Barclays has reiterated its bullish stance on parts of the UK housebuilding sector, keeping overweight ratings on Bellway and Barratt Redrow while moving Vistry Group up to equal weight, after presenting a scenario in which a revived, housebuilder-funded equity loan could materially improve sector earnings by 2027.
The brokerage noted the sector finished 2025 broadly flat, with analysts trimming earnings by low double digits after demand proved weaker than expected in the second half of the year. Barclays flagged sustained build cost inflation running at 2% to 3% and an absence of house price growth as key headwinds to results across listed builders.
On a like-for-like basis, sales rates in 2025 remained around 20% below 2019 levels even after factoring in increased bulk sales activity. Housing completions have been running at roughly 150,000 over the last 12 months, which Barclays pointed out is roughly half the pace required to meet the government target of 1.5 million homes for this parliament.
Against this backdrop, Barclays argued that the market is underpricing the probability of a new housebuilder-funded equity loan scheme. In a targeted design where housebuilders levy a fee each time a buyer uses the facility, the brokerage estimated sector EBIT could rise by approximately 22% in 2027, without assuming any improvement in the underlying market conditions.
The note set out the mechanics of the proposed arrangement. Under Barclays' illustrative example, a 20% equity loan on a £350,000 home would reduce a buyer's mortgage requirement from 95% loan-to-value to 75% loan-to-value. That change would lower monthly mortgage payments from £1,792 to £1,342 and take the mortgage payment as a share of take-home pay from 40% to 30%, aligning payments with the UK's long-run average, according to Barclays' analysis.
Barclays also observed that first-time buyer mortgage payments currently sit at 32% of take-home pay, close to the long-run average of 30% cited in the model.
On costs, the brokerage estimated a gross margin benefit to housebuilders of funding the equity loan of around 200 basis points per unit.
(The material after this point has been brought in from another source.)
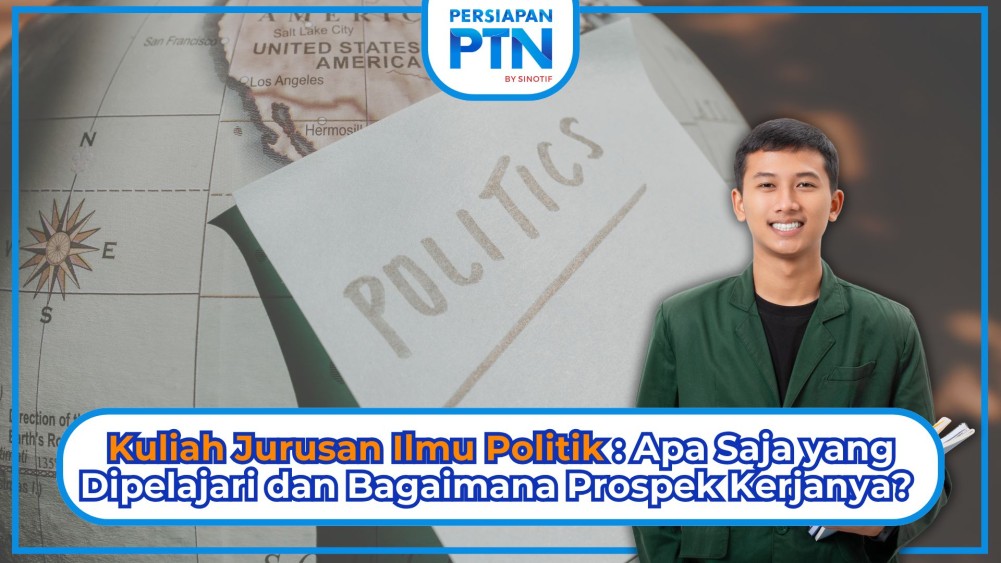 Kuliah Jurusan Ilmu Politik: Apa Saja yang Dipelajari dan Bagaimana Prospek Kerjanya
Barclays contrasted this with the current incentive cost, which it estimated at roughly 6% of revenue, noting that any levy charged for using a Help to Buy-style loan would likely be meaningfully lower than current sales incentive expenditure.
Barclays modelled a base scenario that assumed 20% of all private sales used the proposed scheme, producing a 5% uplift in like-for-like volumes; a 1% reduction in incentives on the remaining 80% of sales; and gross margin accretion of roughly 160 basis points from a 2027 base margin of 18%.
In a more optimistic, blue-sky scenario which returned sales rates and incentive levels to those seen in 2019, Barclays estimated potential sector earnings upside of about 85%.
The broker flagged the UK government's Spring Statement on 3 March as a potential catalyst for policy movement.
On company-specific positioning, Barclays maintained Bellway as an overweight pick, noting the stock priced at 2,848p and carrying a 3,390p target that implies roughly 19% upside. Barratt Redrow also remained an overweight selection, trading at 378p with a 490p target implying around 30% potential upside.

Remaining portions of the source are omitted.